# Given records
--- --- ---

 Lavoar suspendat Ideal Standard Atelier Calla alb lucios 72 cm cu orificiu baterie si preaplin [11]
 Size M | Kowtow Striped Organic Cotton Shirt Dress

--- --- ---

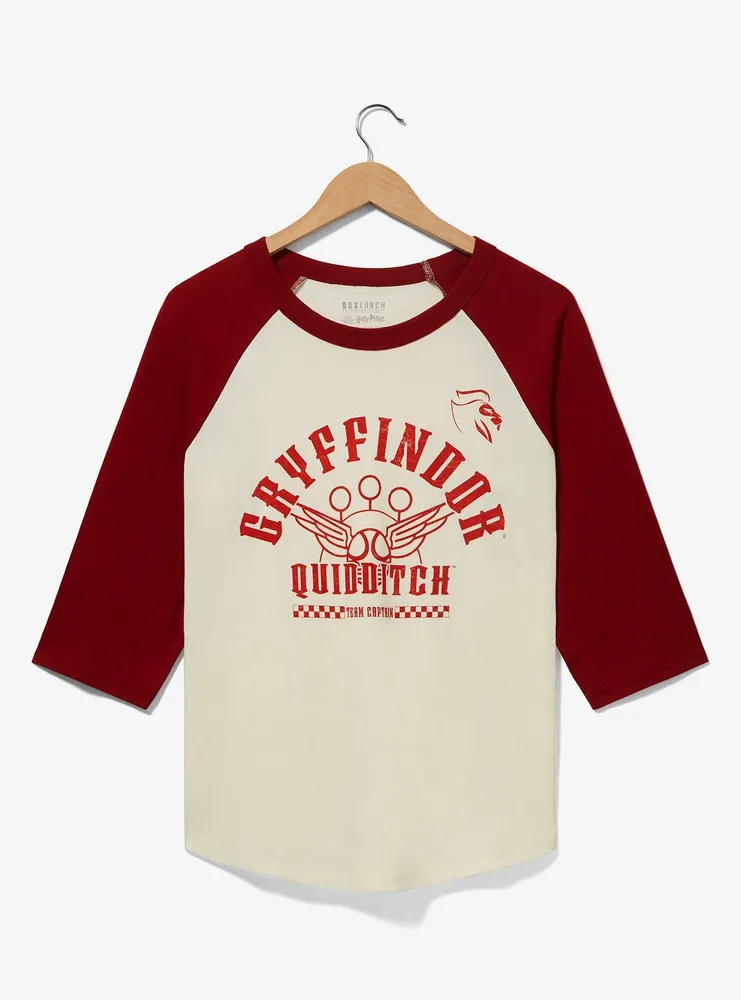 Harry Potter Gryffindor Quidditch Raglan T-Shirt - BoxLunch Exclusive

--- --- ---

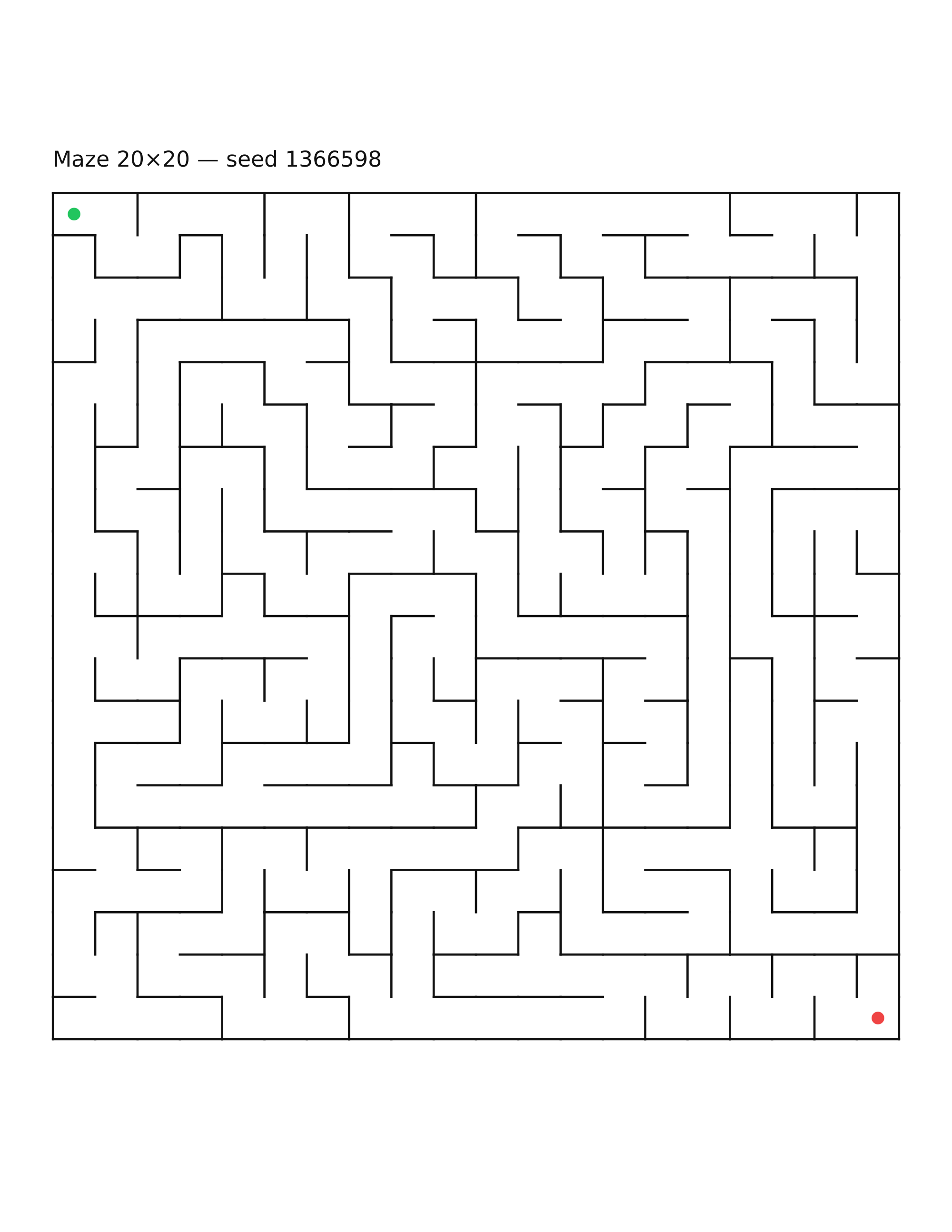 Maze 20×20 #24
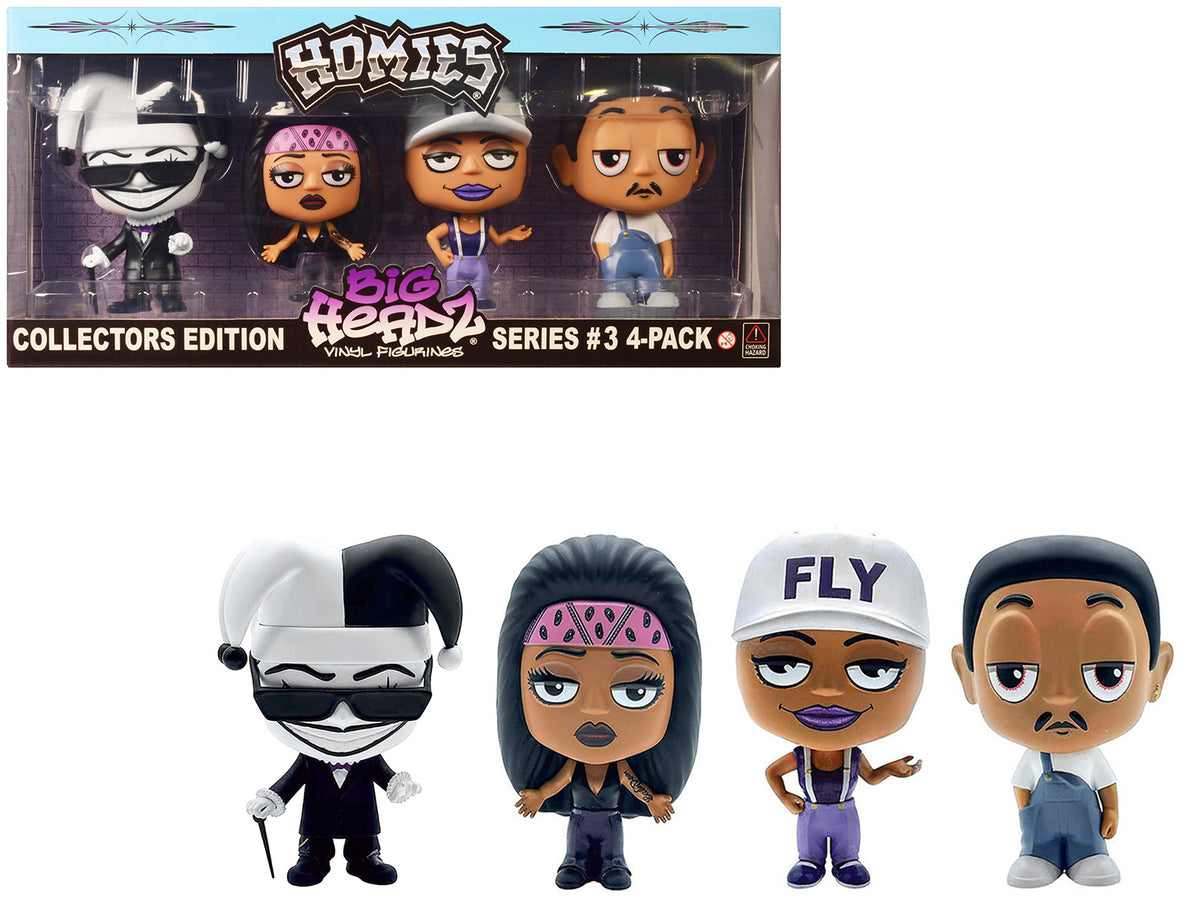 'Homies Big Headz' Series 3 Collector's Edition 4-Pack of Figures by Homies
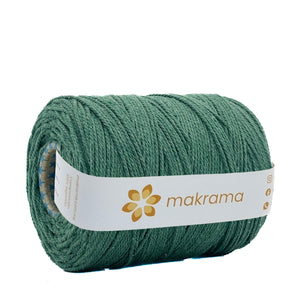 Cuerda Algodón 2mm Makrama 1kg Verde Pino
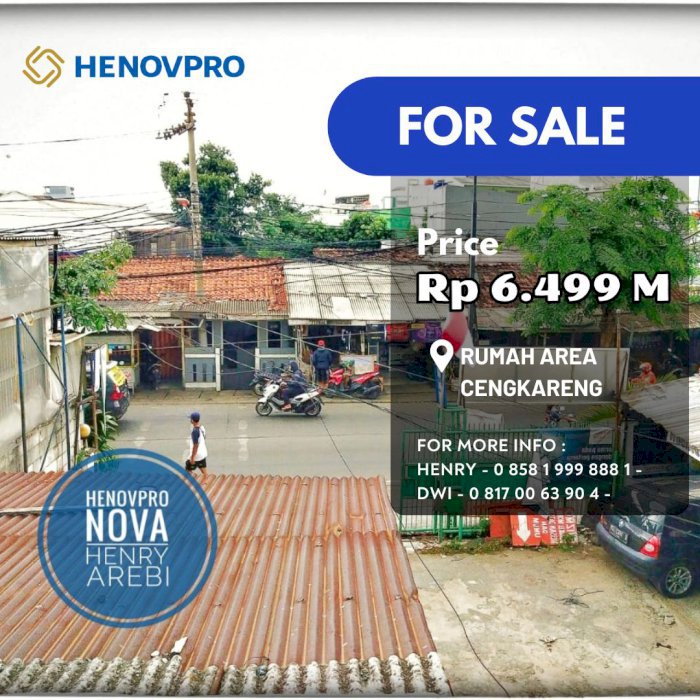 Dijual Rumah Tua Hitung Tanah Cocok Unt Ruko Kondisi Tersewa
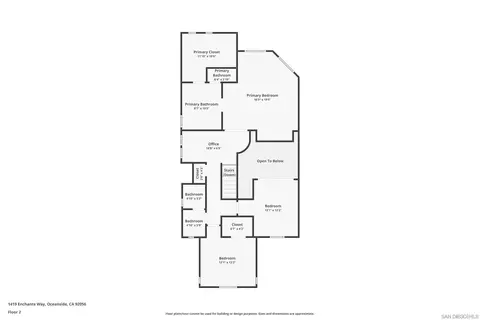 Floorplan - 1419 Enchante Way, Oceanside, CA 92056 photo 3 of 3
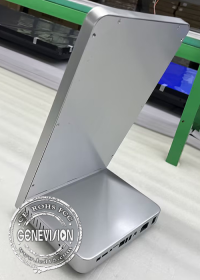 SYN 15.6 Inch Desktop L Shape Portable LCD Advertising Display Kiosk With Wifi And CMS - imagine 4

--- --- ---

Beginning at the line above that contains "Dijual Rumah Tua" and going on through the line that contains "SYN 15.6 Inch", please copy every line exactly, leaving the pictures out and adding nothing.

# Answer area
 Dijual Rumah Tua Hitung Tanah Cocok Unt Ruko Kondisi Tersewa
 Floorplan - 1419 Enchante Way, Oceanside, CA 92056 photo 3 of 3
 SYN 15.6 Inch Desktop L Shape Portable LCD Advertising Display Kiosk With Wifi And CMS - imagine 4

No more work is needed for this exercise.